--- Provided records Enclosed Below ---
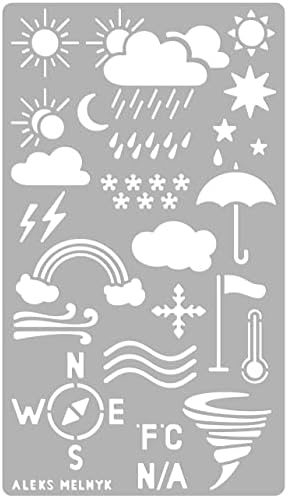 Aleks Melnyk 14 Metal Journal Stencil, previsão do tempo, gota de chuva, guarda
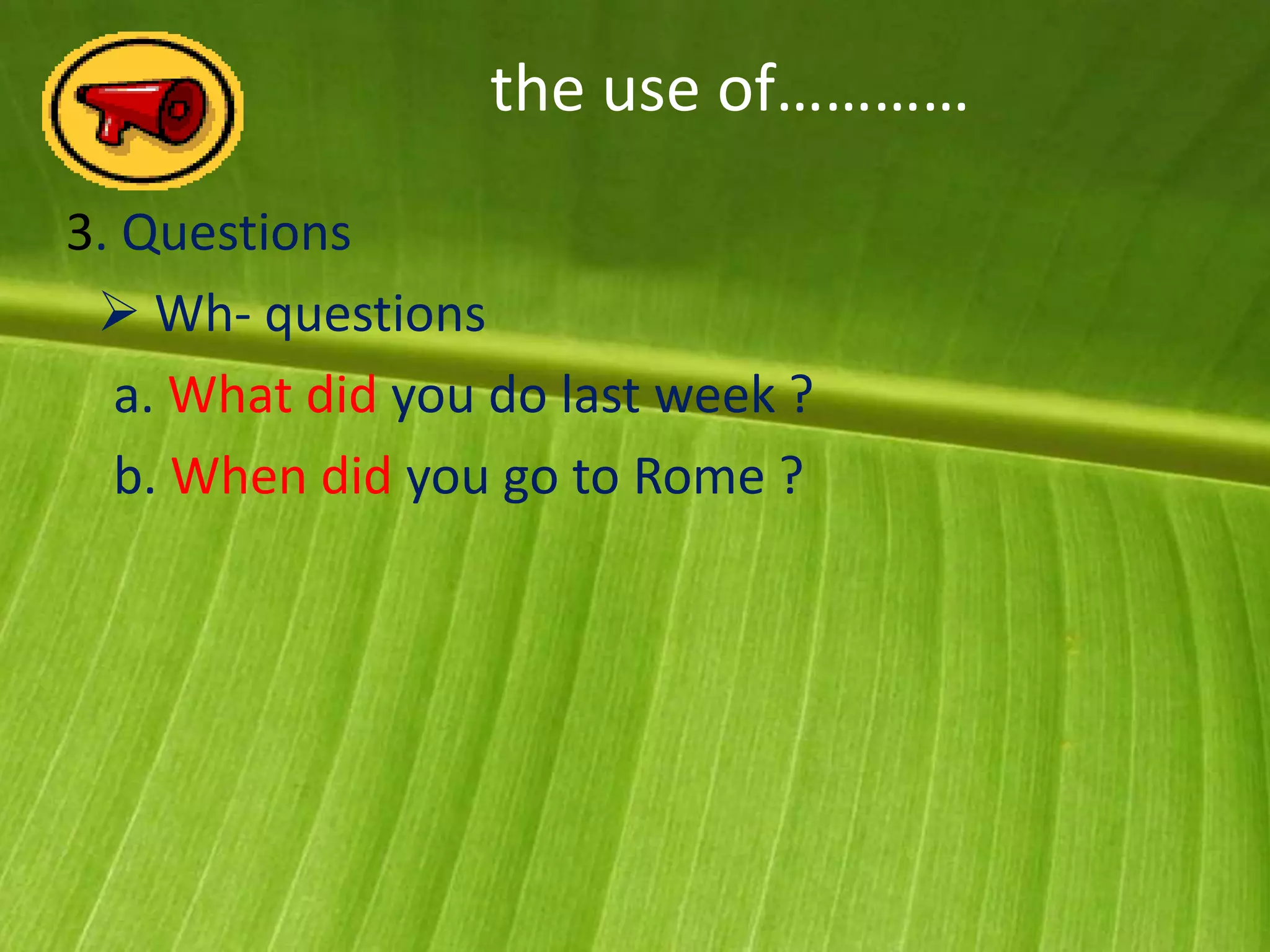 the use of…………
3. Questions
  Wh- questions
  a. What did you do last week ?
  b. When did you go to Rome ?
--- End of Enclosed Provided records ---
Work request: From the line containing "a. What did you do last week ?" through the last line of the entries above, print each line exactly as it stands.

Answer space:
  a. What did you do last week ?
  b. When did you go to Rome ?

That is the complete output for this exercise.